DESCRIPTION OF THE TASK:
Using the data below, transcribe exactly everything from the line that contains "New 2026 GMC" down to the line that contains "Direct supply from". Include both of those lines and none of the pictures.

MATERIALS PROVIDED:
+ + +

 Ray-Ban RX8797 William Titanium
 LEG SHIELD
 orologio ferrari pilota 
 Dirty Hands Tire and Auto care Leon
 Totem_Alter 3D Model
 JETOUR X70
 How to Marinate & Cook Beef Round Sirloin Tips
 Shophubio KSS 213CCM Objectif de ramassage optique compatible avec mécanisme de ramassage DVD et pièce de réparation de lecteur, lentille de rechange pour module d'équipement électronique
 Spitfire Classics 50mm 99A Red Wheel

+ + +

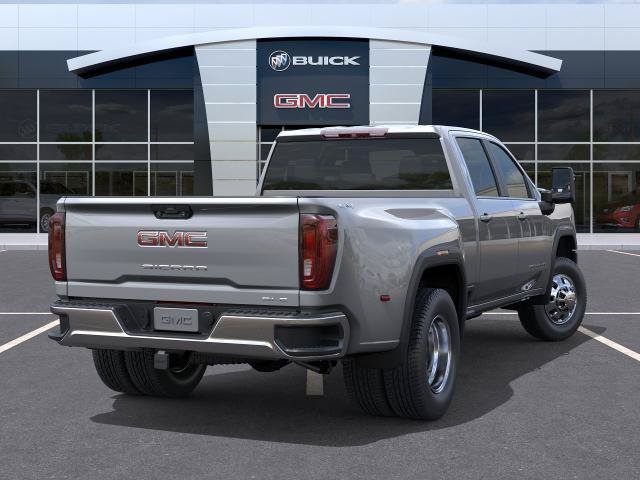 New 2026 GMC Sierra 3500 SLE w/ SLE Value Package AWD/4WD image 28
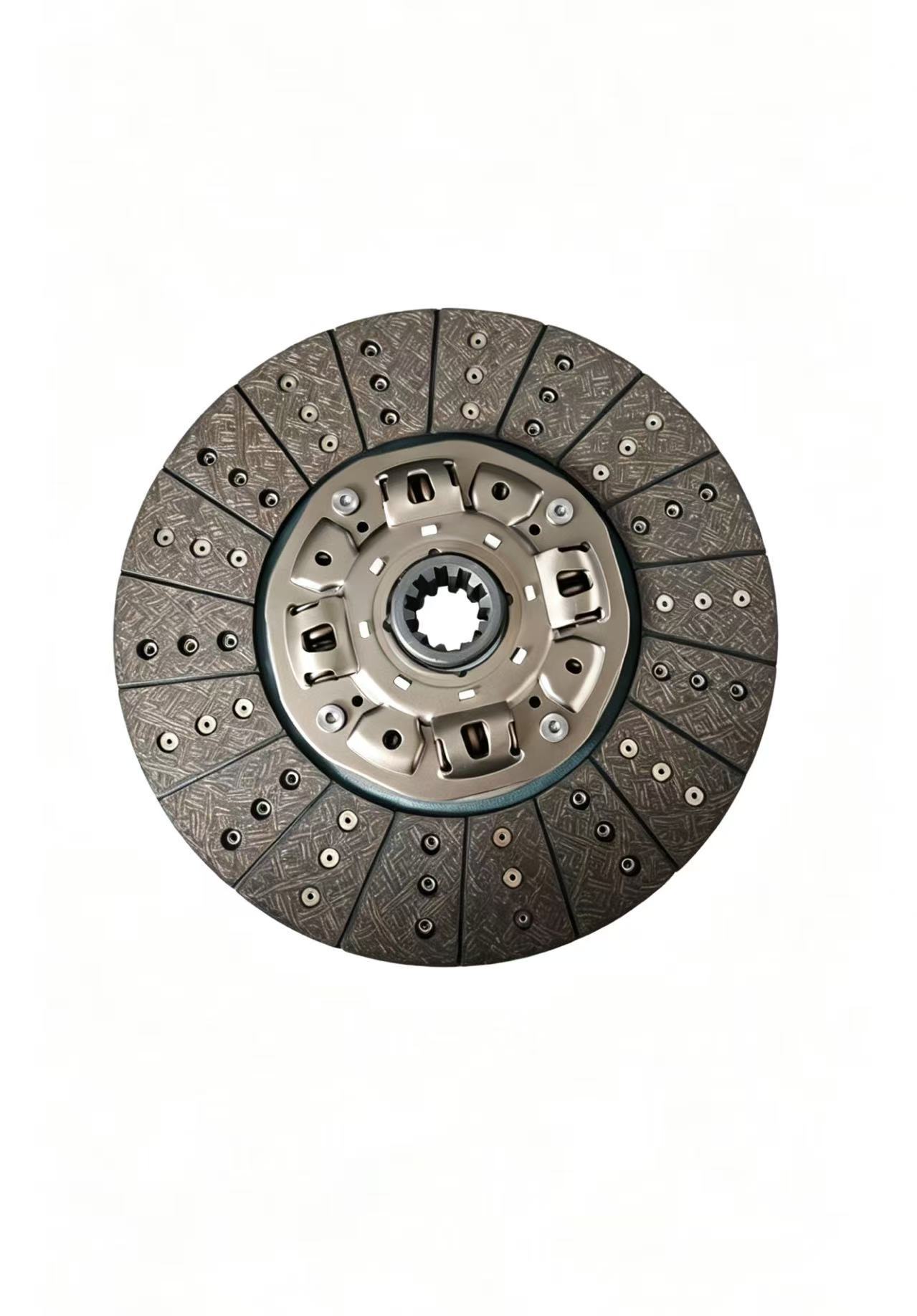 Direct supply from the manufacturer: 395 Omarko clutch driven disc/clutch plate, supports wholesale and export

+ + +

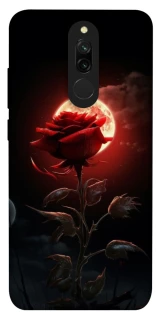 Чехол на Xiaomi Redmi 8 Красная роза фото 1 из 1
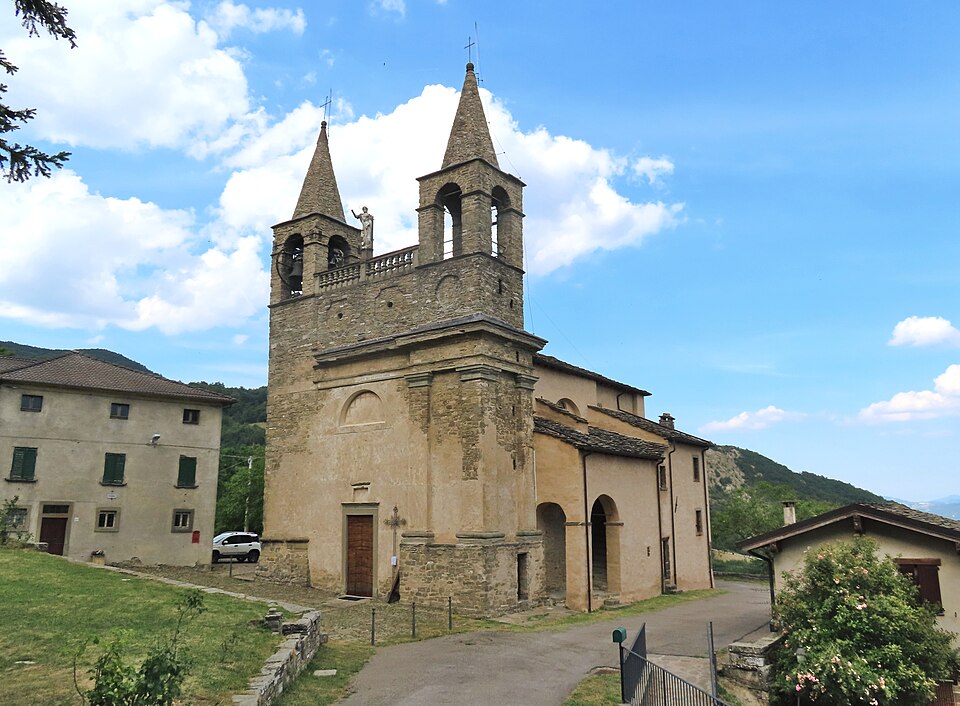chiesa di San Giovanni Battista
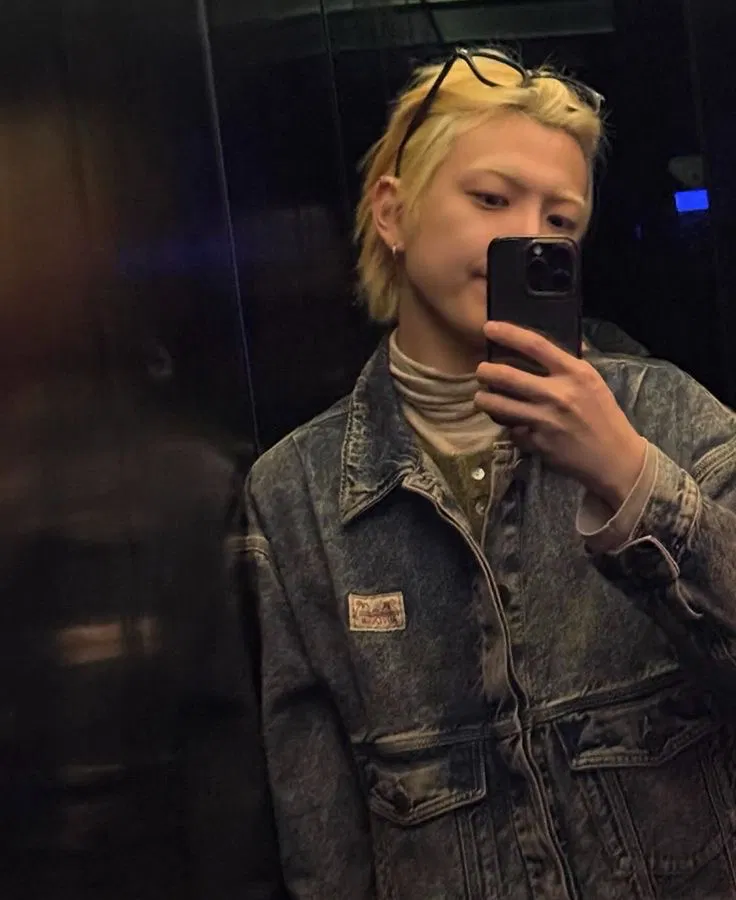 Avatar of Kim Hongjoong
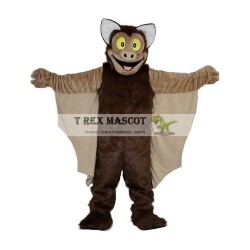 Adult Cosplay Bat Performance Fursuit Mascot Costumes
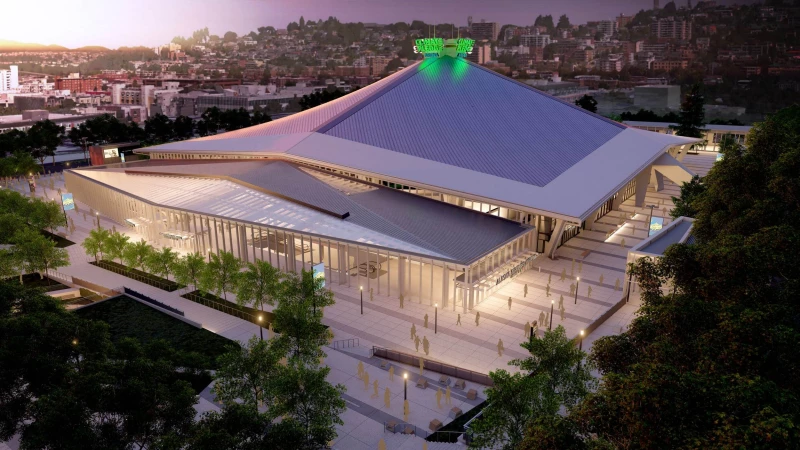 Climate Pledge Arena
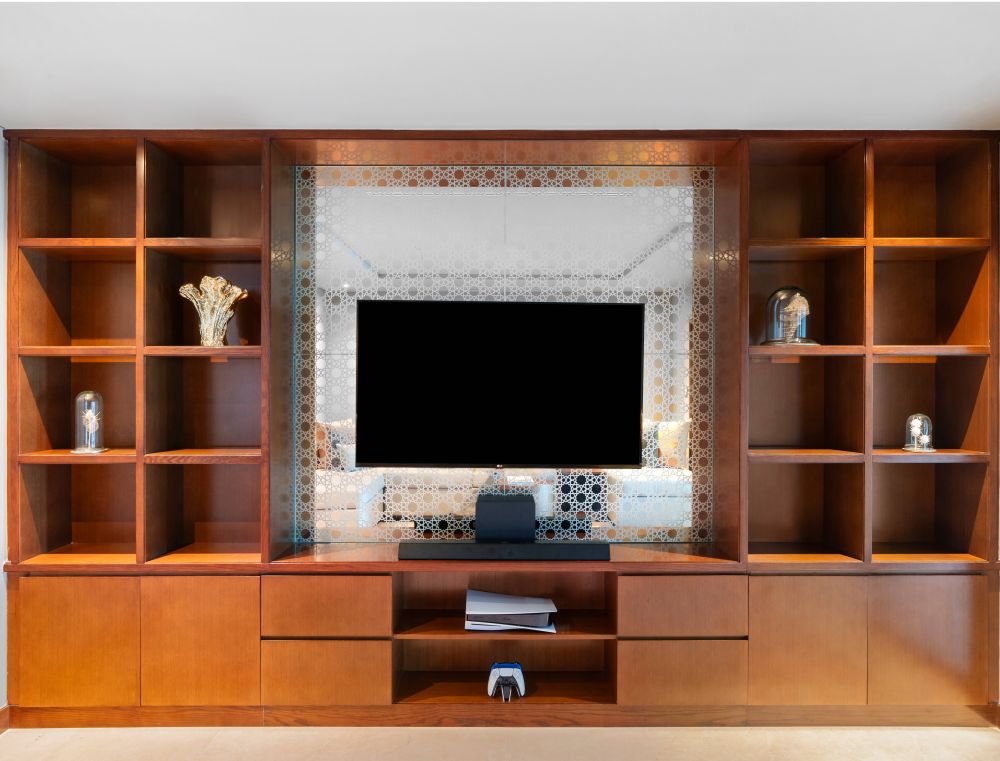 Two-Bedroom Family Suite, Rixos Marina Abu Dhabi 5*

+ + +

EXPECTED OUTPUT:
 New 2026 GMC Sierra 3500 SLE w/ SLE Value Package AWD/4WD image 28
 Direct supply from the manufacturer: 395 Omarko clutch driven disc/clutch plate, supports wholesale and export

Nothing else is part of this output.